**Free-text object descriptions**:
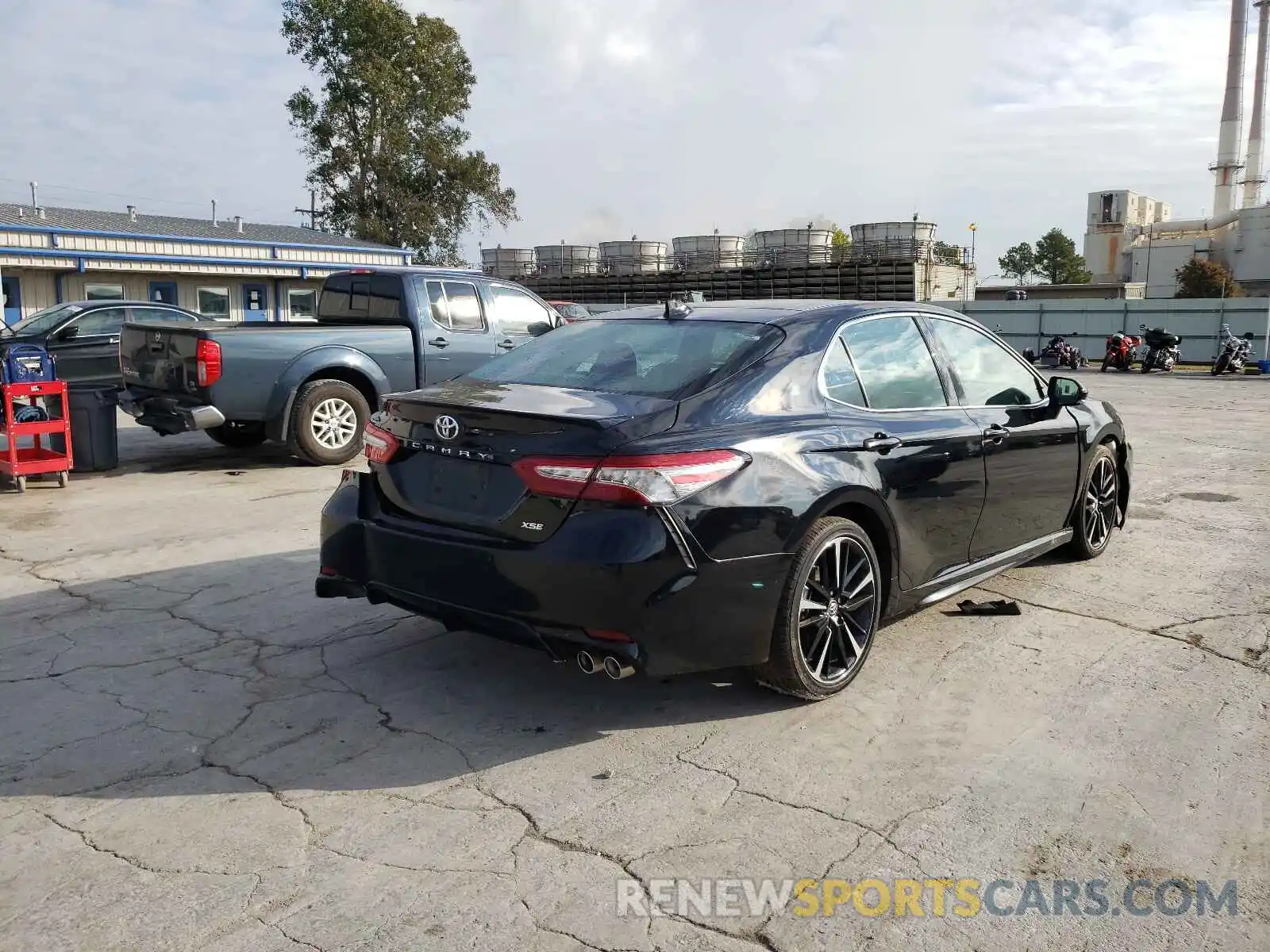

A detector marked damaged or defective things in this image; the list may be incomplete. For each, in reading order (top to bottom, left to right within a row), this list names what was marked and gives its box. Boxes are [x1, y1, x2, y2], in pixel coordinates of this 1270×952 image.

cracked asphalt [0, 374, 1264, 952]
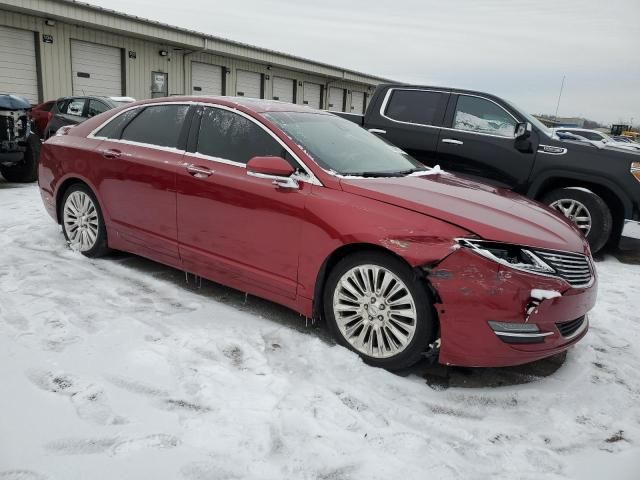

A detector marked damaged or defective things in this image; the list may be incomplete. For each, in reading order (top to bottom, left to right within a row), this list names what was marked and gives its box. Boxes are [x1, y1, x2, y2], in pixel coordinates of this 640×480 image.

front bumper damage [428, 246, 596, 366]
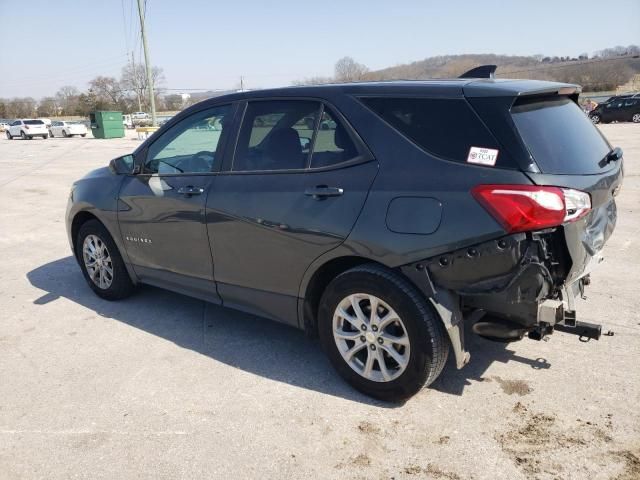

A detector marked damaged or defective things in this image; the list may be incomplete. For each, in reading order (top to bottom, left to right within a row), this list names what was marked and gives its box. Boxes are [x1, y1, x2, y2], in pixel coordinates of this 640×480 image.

cracked asphalt [0, 125, 636, 478]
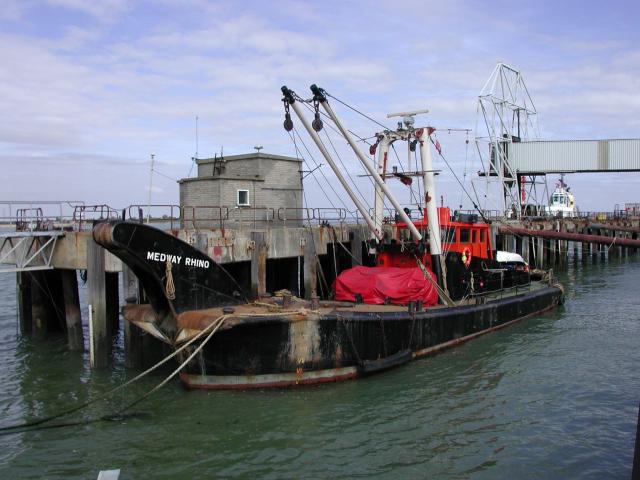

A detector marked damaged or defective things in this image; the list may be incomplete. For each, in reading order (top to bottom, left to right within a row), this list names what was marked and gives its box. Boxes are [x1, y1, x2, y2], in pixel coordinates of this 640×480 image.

rusty metal surface [498, 226, 640, 248]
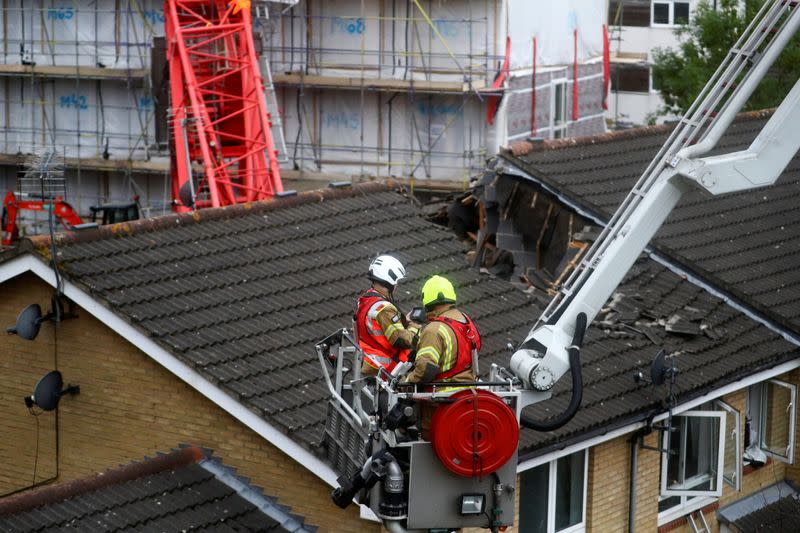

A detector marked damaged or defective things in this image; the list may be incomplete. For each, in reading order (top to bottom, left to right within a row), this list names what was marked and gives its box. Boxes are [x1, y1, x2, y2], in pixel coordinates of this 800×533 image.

damaged roof section [504, 109, 800, 336]
damaged roof section [0, 444, 316, 532]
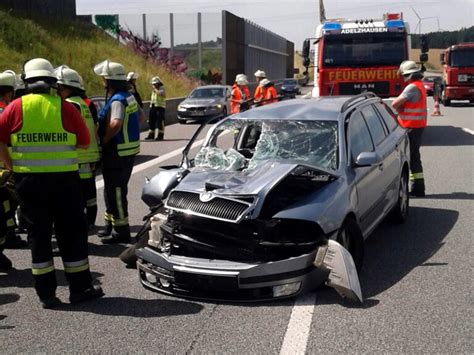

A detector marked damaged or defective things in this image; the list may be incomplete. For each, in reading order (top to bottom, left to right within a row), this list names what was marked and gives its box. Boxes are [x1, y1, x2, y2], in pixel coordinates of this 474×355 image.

**What you will do**:
Each entry must be retyped word for word, with every image omitted.

**Reply to the exercise**:
A detector marked damaged or defective things in this image; the list may be incomplete. For each, in reading order (top to bottom, left to right within a row), this list names what was marked and gives its box. Boxes are [x1, y1, x2, y2], in pixel coordinates of this 1270×952 image.

cracked asphalt [0, 374, 1264, 952]

A detector marked damaged or defective things in this image; the list may be incomplete. For each, in reading order (top to bottom, left to right within a row), this list names what was marked and gives its box. Boxes are [x1, y1, x2, y2], in pixel coordinates of this 640×480 image.

front bumper damage [428, 246, 596, 366]

A detector marked damaged or defective things in this image; the list may be incomplete. For each, in reading order (top to bottom, left to right within a row), this list names what was marked and gives its box. Boxes are [x1, y1, x2, y2], in pixel coordinates of this 640×480 image.

cracked asphalt [0, 125, 636, 478]

A detector marked damaged or defective things in this image; the list may be incomplete. For each, in reading order (top to bottom, left to right within a row), this list names what was marked and gives its box. Boxes are [x1, y1, x2, y2], in pixel coordinates of this 640×480 image.

rusty metal surface [498, 226, 640, 248]

A detector marked damaged or defective things in this image; the list may be incomplete. For each, in reading order (top to bottom, left to right within a row), this list names what was marked and gives its box. Boxes are [x1, y1, x2, y2], in pixel coordinates of this 800×533 image.

damaged roof section [504, 109, 800, 336]
damaged roof section [0, 444, 316, 532]

A detector marked damaged or defective things in this image; the list may be incomplete. For each, in reading order (top to bottom, left to right within a row), this list names what was marked and gives its box. Boxes are [x1, y1, x2, y2], in pixel coordinates of this 474×355 image.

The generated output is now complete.